§ Data segment
__________________________________________________

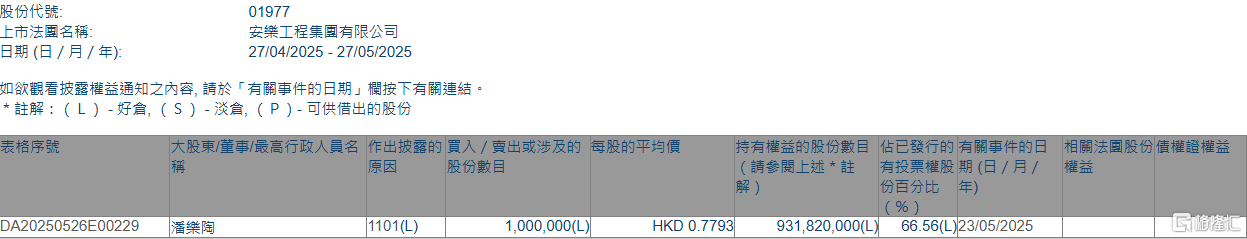安乐工程(01977.HK)获执行董事潘乐陶增持100万股  第1张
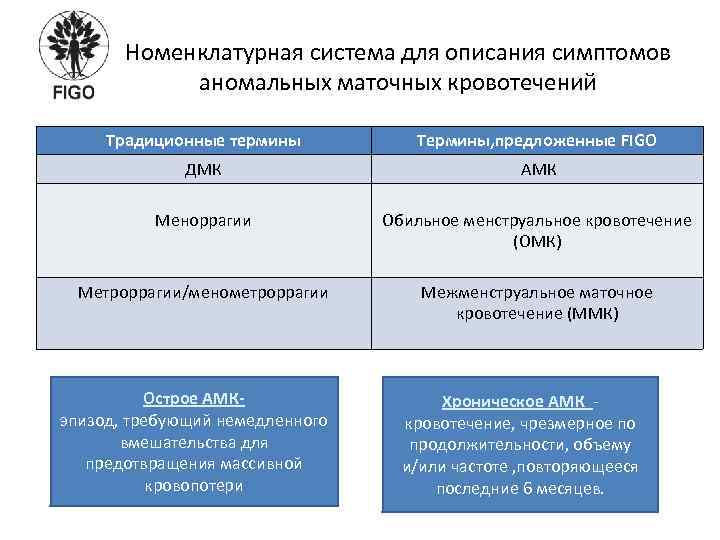 Номенклатурная система для описания симптомов аномальных маточных кровотечений Традиционные термины Термины, предложенные FIGO ДМК
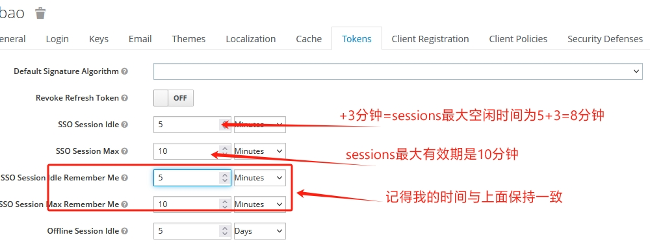 揭秘 Keycloak 会话过期机制：lifespanMs 与 maxIdleTimeMs 如何影响性能与安全？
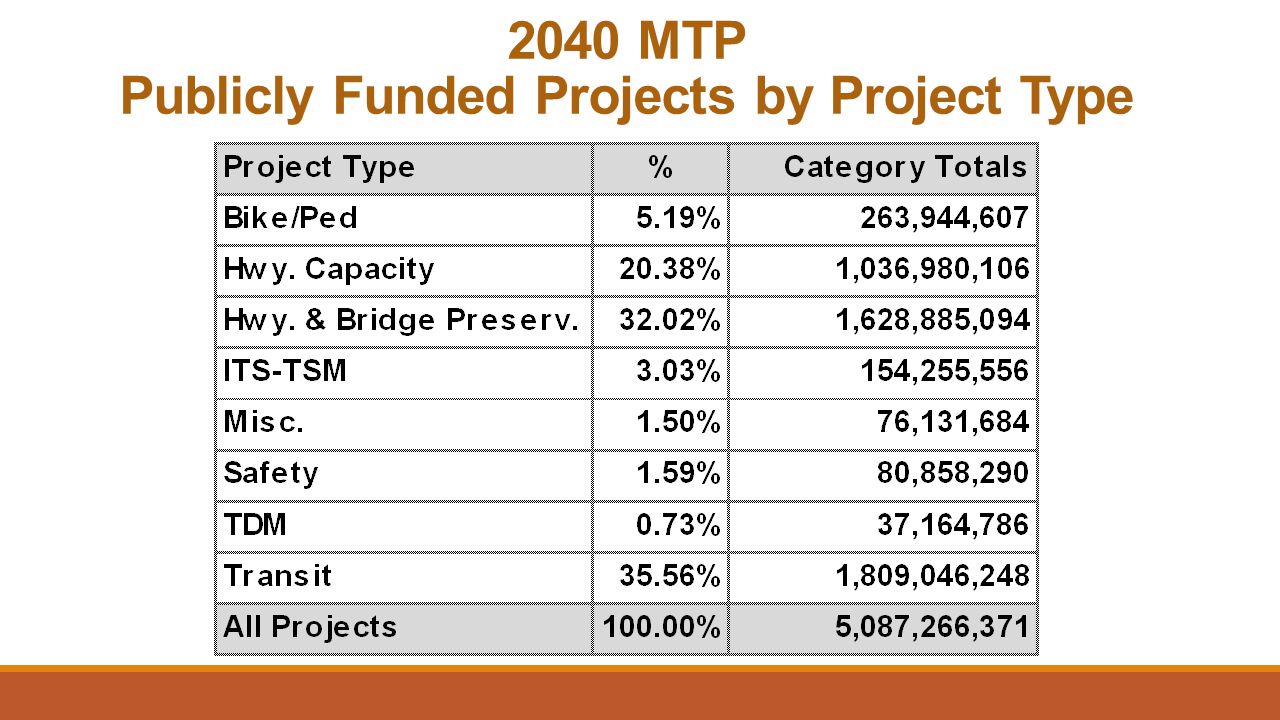 2040 MTP Publicly Funded Projects by Project Type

__________________________________________________

§ Directions for this task
Starting where a line contains "揭秘 Keycloak 会话过期机制：lifespanMs" and finishing at the last line above, set down every line exactly as it reads, with no pictures.

§ Result
 揭秘 Keycloak 会话过期机制：lifespanMs 与 maxIdleTimeMs 如何影响性能与安全？
 2040 MTP Publicly Funded Projects by Project Type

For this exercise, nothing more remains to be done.